** Opening Extracted material block **

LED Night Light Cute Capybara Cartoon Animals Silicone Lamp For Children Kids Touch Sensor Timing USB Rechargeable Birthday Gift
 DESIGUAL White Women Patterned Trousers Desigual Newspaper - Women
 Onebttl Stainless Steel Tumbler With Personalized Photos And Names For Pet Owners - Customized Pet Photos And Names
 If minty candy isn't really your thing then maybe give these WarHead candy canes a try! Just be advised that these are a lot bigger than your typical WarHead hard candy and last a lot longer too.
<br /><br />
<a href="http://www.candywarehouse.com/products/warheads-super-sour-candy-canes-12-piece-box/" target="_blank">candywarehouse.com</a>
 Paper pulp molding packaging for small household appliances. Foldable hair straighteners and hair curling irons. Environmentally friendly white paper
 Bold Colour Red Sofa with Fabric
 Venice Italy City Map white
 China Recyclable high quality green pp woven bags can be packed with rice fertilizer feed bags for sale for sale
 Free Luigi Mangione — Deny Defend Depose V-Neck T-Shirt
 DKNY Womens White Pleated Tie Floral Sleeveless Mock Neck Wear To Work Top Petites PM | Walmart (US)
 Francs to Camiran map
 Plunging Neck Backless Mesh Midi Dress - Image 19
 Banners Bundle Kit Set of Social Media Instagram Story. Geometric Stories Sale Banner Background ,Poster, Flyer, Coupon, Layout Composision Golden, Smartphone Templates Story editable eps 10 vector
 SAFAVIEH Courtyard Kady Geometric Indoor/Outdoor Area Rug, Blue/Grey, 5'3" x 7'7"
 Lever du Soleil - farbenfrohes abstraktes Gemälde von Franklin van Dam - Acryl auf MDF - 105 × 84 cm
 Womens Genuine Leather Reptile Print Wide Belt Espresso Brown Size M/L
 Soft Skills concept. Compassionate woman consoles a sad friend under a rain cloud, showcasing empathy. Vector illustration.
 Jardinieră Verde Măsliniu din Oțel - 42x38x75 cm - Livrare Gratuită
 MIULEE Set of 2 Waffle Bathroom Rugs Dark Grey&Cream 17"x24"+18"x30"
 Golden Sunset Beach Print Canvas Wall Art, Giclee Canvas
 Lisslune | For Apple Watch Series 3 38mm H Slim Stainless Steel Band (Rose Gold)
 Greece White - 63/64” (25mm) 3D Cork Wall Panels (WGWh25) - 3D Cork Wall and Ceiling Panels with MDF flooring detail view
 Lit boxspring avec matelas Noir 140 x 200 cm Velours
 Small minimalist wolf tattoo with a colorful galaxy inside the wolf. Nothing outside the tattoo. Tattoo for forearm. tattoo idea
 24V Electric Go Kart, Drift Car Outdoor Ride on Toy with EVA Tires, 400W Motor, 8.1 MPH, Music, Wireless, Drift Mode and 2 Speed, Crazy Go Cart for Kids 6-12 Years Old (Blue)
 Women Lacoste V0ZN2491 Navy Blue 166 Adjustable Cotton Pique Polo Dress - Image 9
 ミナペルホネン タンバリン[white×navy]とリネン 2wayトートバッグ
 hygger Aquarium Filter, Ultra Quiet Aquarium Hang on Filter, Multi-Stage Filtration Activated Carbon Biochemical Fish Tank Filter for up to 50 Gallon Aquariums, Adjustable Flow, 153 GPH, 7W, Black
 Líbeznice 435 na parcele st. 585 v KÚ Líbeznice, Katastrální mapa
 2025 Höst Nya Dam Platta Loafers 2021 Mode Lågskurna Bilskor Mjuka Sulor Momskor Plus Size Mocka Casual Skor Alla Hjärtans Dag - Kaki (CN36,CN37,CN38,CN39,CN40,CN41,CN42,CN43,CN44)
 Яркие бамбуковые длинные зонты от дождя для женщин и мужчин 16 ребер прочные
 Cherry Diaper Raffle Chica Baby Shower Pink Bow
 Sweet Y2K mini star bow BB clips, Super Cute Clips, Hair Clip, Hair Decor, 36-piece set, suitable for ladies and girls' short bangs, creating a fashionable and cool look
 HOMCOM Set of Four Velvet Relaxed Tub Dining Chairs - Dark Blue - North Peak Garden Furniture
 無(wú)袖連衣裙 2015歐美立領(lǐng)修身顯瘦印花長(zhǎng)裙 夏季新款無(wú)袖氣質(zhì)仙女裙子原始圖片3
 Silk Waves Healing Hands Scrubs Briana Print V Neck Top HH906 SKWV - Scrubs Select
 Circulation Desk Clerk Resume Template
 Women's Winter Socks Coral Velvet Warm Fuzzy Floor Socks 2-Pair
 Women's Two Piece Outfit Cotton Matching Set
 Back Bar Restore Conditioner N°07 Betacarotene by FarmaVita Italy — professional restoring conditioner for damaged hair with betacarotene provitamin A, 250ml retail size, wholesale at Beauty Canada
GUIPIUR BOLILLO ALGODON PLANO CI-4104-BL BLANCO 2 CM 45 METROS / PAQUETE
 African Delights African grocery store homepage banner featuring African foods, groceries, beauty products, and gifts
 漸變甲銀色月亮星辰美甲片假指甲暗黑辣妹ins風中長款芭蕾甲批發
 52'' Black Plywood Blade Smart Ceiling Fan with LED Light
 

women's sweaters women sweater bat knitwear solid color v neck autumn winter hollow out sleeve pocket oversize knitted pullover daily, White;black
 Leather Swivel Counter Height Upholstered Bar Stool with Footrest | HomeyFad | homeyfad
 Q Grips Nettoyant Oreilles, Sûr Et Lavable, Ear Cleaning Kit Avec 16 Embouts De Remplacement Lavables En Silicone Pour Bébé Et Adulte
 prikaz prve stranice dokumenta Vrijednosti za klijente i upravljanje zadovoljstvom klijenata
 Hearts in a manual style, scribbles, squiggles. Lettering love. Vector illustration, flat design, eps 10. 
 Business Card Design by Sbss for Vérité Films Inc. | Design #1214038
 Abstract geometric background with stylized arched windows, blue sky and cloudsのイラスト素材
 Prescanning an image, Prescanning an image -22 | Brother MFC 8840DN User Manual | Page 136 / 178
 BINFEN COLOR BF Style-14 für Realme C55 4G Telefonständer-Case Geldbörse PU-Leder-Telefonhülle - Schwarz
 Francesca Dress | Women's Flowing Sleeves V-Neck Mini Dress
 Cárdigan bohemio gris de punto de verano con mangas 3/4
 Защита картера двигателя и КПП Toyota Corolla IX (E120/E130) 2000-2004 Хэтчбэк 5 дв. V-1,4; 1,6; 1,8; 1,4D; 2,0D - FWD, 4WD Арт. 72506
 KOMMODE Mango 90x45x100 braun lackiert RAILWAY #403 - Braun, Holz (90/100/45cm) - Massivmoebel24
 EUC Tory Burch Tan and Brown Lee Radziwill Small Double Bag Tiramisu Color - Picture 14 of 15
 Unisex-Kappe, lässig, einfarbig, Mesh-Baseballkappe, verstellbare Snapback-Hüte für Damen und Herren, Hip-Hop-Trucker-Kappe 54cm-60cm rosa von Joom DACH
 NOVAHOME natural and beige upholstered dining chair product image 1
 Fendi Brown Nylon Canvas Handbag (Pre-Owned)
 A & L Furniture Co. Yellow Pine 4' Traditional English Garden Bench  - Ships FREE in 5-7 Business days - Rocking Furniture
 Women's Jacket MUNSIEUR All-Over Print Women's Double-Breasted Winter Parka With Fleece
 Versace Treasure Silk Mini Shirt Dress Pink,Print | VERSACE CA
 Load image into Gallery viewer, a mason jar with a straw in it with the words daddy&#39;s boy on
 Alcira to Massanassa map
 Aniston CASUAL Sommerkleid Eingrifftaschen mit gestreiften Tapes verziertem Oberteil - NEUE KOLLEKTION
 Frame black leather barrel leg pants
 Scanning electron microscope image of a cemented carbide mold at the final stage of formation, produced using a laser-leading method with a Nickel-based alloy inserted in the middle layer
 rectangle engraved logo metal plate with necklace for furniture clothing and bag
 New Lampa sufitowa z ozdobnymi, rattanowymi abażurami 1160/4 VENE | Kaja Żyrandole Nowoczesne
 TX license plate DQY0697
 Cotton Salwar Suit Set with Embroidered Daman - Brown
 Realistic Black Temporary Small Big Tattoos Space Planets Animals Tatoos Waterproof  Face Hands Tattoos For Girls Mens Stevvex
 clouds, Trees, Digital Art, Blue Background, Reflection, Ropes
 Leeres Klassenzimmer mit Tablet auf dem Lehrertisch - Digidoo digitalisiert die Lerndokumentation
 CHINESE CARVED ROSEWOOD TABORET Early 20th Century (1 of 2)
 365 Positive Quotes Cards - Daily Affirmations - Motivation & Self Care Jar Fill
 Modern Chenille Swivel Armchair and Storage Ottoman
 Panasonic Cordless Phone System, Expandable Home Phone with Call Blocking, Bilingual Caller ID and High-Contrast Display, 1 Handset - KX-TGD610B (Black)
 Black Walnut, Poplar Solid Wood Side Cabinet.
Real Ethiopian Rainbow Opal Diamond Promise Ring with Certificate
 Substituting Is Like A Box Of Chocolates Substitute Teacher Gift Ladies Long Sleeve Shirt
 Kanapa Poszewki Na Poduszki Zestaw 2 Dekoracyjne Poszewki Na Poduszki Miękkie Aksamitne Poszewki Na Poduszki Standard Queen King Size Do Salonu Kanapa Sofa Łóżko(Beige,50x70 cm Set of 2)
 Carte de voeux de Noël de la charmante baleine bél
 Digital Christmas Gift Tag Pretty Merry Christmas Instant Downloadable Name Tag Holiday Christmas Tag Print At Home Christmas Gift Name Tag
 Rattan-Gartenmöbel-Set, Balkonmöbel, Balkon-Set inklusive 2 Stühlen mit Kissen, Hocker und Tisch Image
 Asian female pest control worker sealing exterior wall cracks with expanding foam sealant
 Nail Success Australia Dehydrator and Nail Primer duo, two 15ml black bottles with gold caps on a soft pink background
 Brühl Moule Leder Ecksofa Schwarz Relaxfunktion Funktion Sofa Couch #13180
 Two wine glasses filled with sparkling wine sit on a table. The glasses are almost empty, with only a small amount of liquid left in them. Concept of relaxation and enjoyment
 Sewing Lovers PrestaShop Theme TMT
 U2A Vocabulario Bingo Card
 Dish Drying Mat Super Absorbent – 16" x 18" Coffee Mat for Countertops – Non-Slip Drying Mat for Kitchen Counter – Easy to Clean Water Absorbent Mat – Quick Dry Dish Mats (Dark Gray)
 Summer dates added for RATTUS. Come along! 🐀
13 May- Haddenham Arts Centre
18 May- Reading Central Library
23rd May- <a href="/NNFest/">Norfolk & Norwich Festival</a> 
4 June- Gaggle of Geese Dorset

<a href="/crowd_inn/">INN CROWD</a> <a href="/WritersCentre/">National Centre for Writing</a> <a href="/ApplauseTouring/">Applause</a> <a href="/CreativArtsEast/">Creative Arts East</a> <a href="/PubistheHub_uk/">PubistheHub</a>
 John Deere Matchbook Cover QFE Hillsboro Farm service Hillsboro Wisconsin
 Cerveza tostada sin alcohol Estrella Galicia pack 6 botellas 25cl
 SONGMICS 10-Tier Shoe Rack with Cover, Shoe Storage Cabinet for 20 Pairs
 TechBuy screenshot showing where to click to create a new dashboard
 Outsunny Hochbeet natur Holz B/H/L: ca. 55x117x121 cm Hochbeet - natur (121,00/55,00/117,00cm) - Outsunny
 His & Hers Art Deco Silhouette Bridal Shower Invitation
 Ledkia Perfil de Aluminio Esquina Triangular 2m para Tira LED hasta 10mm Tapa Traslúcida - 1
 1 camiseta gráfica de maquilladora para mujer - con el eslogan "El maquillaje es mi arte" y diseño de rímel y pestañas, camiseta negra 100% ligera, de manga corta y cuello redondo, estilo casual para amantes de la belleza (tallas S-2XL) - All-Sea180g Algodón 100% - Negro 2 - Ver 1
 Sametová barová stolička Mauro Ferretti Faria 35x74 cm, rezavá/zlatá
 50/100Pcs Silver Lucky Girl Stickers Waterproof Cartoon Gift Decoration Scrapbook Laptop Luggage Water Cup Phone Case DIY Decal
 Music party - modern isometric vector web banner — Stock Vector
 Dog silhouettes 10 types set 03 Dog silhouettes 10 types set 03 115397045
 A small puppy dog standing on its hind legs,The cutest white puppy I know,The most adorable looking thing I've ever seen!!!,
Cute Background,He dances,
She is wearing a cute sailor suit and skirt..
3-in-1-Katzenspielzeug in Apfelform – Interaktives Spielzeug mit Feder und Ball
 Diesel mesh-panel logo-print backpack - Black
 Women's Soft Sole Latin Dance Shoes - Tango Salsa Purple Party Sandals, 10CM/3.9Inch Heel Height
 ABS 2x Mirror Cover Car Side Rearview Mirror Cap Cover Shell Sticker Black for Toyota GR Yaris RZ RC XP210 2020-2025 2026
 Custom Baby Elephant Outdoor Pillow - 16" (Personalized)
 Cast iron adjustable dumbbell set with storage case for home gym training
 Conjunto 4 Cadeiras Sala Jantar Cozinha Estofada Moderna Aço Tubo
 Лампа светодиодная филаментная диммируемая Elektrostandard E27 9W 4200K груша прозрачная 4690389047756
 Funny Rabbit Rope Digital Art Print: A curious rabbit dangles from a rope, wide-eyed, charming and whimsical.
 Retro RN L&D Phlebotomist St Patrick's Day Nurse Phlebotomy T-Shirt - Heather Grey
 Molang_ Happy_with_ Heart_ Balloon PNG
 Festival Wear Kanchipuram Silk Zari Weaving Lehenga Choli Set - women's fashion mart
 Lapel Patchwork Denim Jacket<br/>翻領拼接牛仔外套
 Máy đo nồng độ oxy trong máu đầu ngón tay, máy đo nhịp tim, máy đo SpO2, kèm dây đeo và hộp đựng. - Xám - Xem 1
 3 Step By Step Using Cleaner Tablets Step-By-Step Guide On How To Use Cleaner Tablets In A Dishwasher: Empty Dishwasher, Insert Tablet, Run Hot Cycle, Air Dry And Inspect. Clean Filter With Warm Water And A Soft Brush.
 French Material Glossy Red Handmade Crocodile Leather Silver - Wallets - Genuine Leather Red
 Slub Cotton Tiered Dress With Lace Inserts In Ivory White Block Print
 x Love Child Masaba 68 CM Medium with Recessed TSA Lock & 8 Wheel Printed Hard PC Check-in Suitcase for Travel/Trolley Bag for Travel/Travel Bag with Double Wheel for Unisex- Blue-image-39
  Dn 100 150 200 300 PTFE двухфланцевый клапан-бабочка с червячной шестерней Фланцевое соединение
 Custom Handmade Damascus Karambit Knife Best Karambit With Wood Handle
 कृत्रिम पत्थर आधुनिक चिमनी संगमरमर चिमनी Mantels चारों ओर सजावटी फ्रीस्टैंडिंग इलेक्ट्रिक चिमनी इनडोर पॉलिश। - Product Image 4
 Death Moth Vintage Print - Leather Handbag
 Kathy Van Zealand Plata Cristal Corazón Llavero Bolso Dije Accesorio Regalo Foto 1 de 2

** Closing Extracted material block **

Here the output must be the lines above from the line with "SONGMICS 10-Tier Shoe" to the line with "Outsunny Hochbeet natur", both included, duplicated word for word and nothing else.

 SONGMICS 10-Tier Shoe Rack with Cover, Shoe Storage Cabinet for 20 Pairs
 TechBuy screenshot showing where to click to create a new dashboard
 Outsunny Hochbeet natur Holz B/H/L: ca. 55x117x121 cm Hochbeet - natur (121,00/55,00/117,00cm) - Outsunny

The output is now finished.